> _TASK STATEMENT_
A faithful copy of the data below is required, leaving out every picture.

━━ DATA EXTRACTS

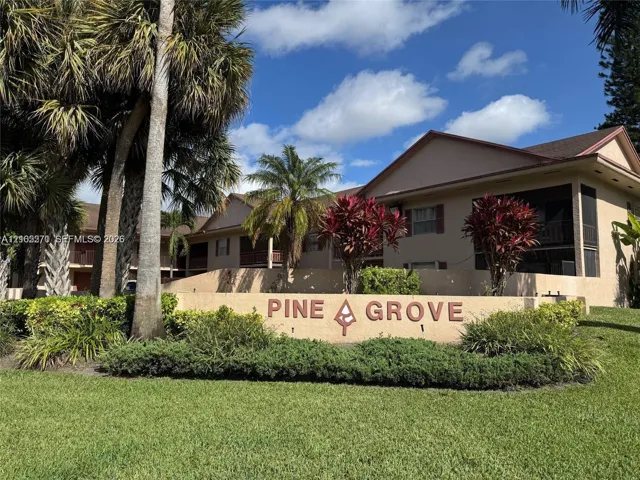 Prominent property signage, mature palm trees, established landscaping, screened outdoor living spaces, and a neutral-toned building exterior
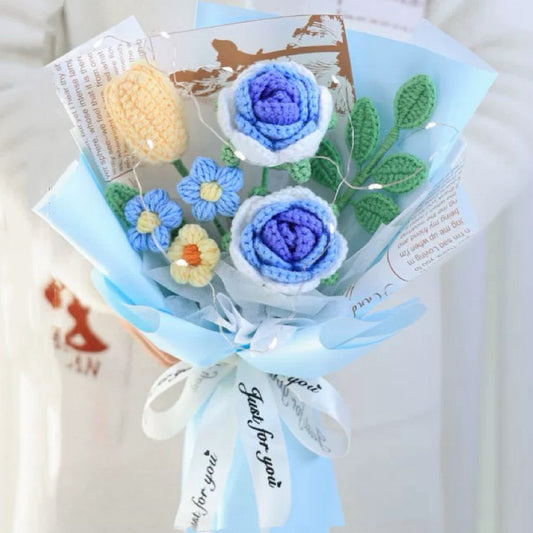 Handgefertigter gehäkelter Blumenstrauß aus blauen Rosen, Lilien, Pompons und Grün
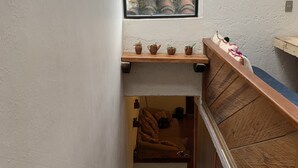 A narrow stairway with a wooden handrail, a small window with a view of a tiled roof, and a shelf with three small pots. - PiYo (San Cristóbal de las Casas)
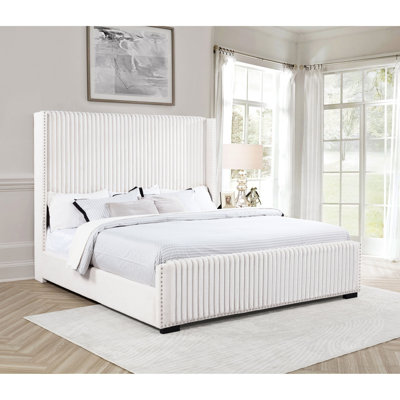 Très grand lit tapissier moderne à oreilles crème avec capitonnage vertical, pieds carrés et profil bas pour chambre à coucher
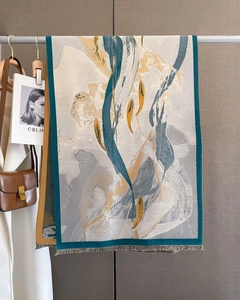 Detail of artistic print scarf with blue and yellow hues and delicate fringe tassels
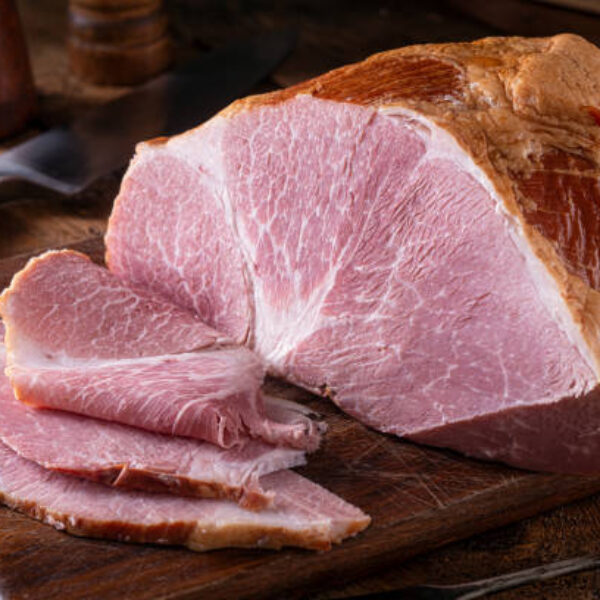 A delicious naturally smoked ham on a rustic wood cutting board.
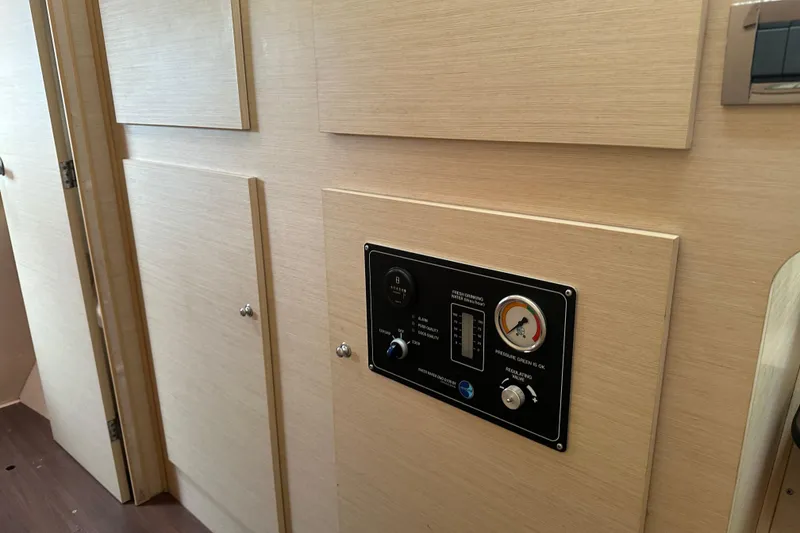 Slide: The Image of Control panel on a 2010 Lagoon 440 yacht interior, featuring gauges and switches. - 45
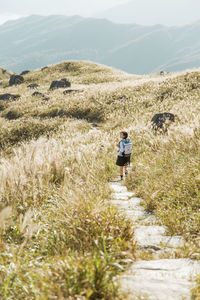 Rear view of person walking on trail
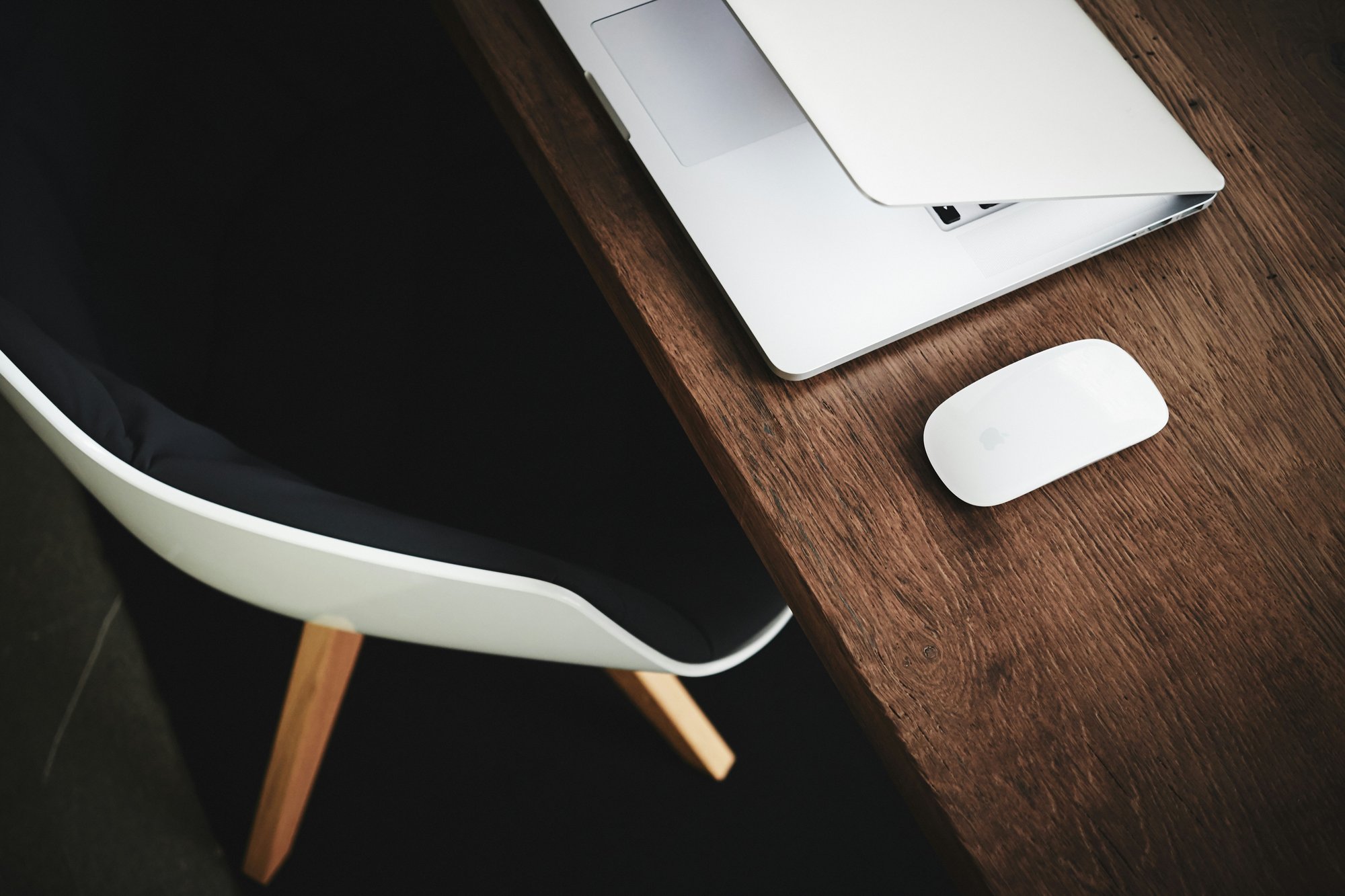 white mac on brown desk..luca-bravo-ujhKqutt3f0-unsplash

━━━━

> _TASK RESULT_
 Prominent property signage, mature palm trees, established landscaping, screened outdoor living spaces, and a neutral-toned building exterior
 Handgefertigter gehäkelter Blumenstrauß aus blauen Rosen, Lilien, Pompons und Grün
 A narrow stairway with a wooden handrail, a small window with a view of a tiled roof, and a shelf with three small pots. - PiYo (San Cristóbal de las Casas)
 Très grand lit tapissier moderne à oreilles crème avec capitonnage vertical, pieds carrés et profil bas pour chambre à coucher
 Detail of artistic print scarf with blue and yellow hues and delicate fringe tassels
 A delicious naturally smoked ham on a rustic wood cutting board.
 Slide: The Image of Control panel on a 2010 Lagoon 440 yacht interior, featuring gauges and switches. - 45
 Rear view of person walking on trail
 white mac on brown desk..luca-bravo-ujhKqutt3f0-unsplash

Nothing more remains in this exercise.